DATA EXCERPTS ::
+ + + +

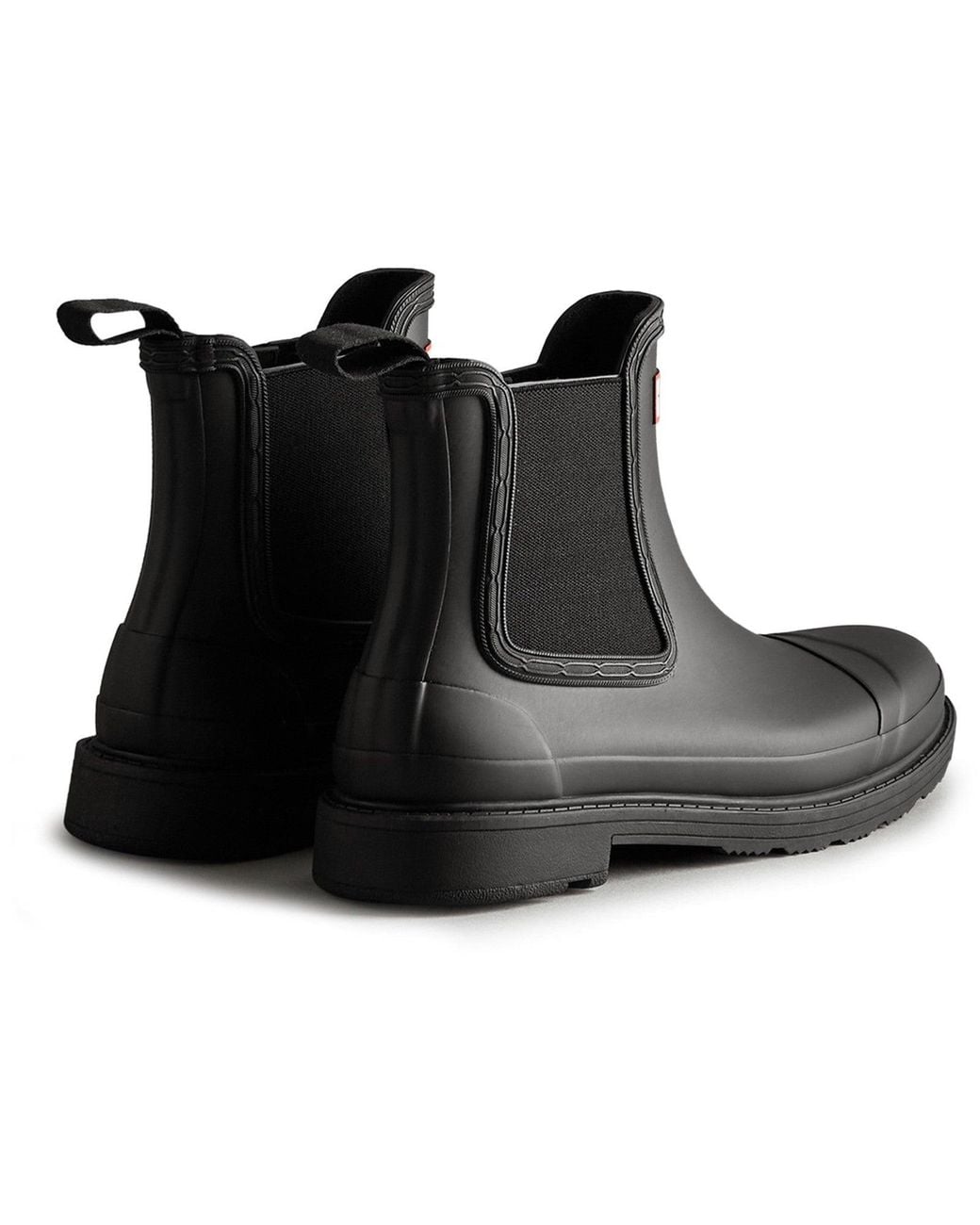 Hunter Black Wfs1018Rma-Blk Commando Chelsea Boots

+ + + +

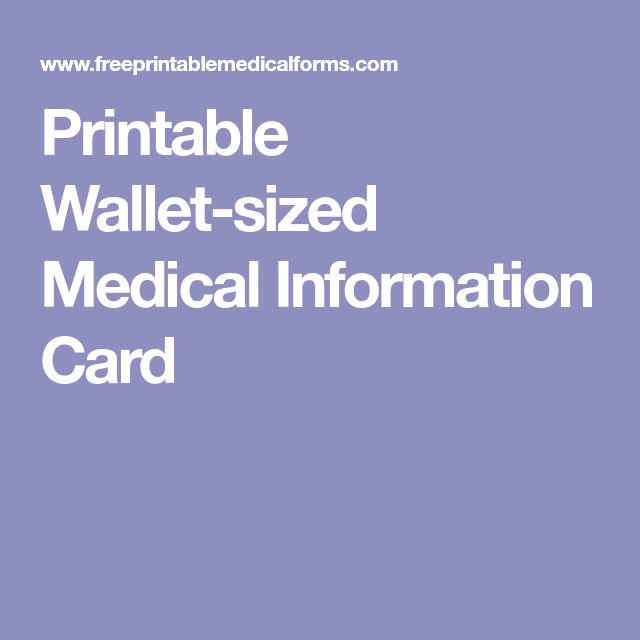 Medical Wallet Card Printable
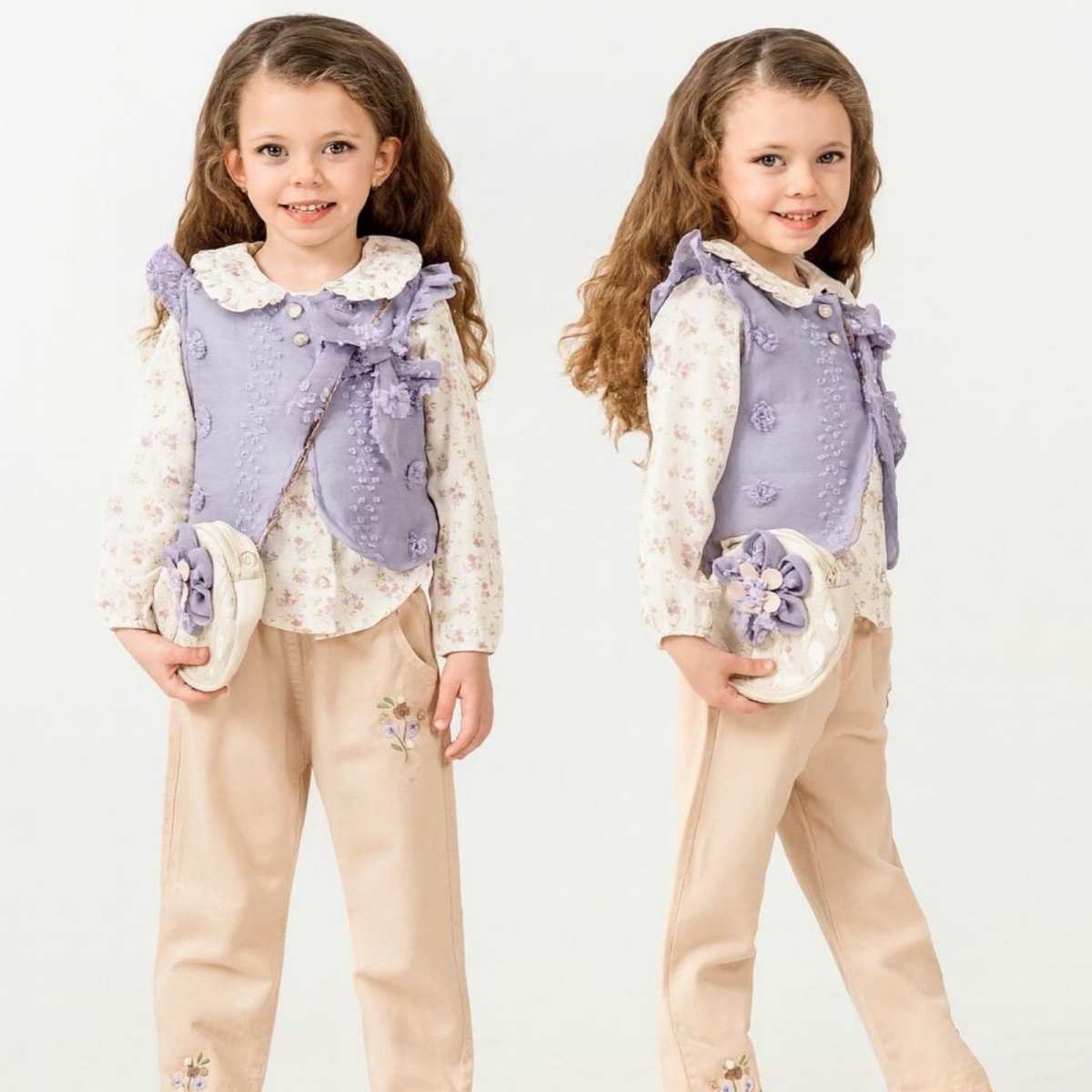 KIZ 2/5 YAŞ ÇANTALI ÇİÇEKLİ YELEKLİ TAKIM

+ + + +

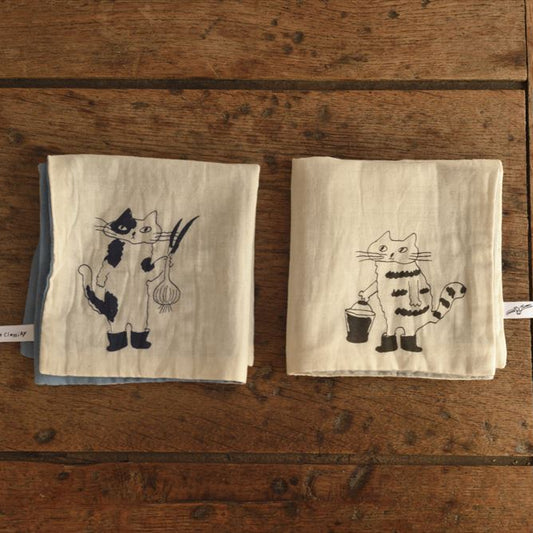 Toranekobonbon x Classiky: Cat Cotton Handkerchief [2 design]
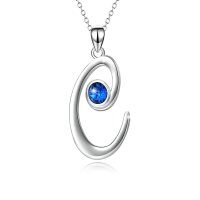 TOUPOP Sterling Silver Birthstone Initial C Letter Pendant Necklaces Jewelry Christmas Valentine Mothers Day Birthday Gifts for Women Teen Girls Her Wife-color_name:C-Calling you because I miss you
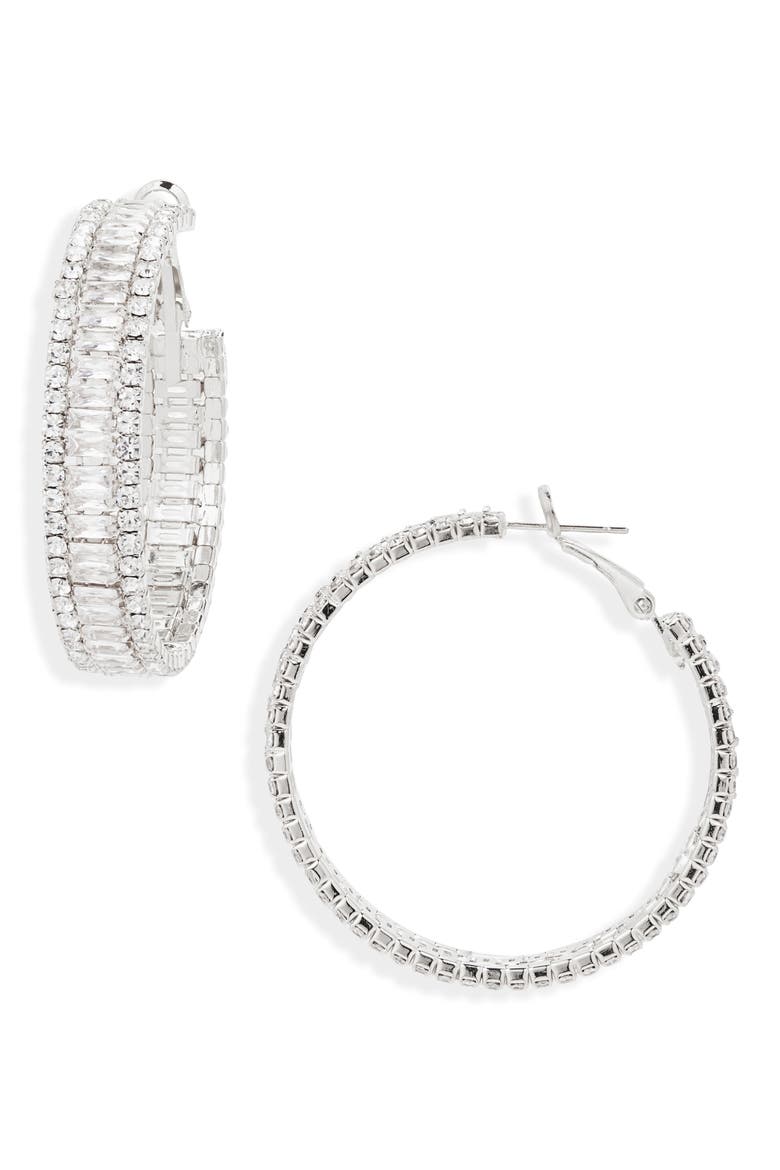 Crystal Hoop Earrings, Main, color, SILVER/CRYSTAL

+ + + +

A verbatim reproduction is expected: starting at the line above that has "TOUPOP Sterling Silver", ending at the line that has "Crystal Hoop Earrings, Main, color, SILVER/CRYSTAL", both included, and with no pictures and no other lines.

EXERCISE SOLUTION ::
 TOUPOP Sterling Silver Birthstone Initial C Letter Pendant Necklaces Jewelry Christmas Valentine Mothers Day Birthday Gifts for Women Teen Girls Her Wife-color_name:C-Calling you because I miss you
 Crystal Hoop Earrings, Main, color, SILVER/CRYSTAL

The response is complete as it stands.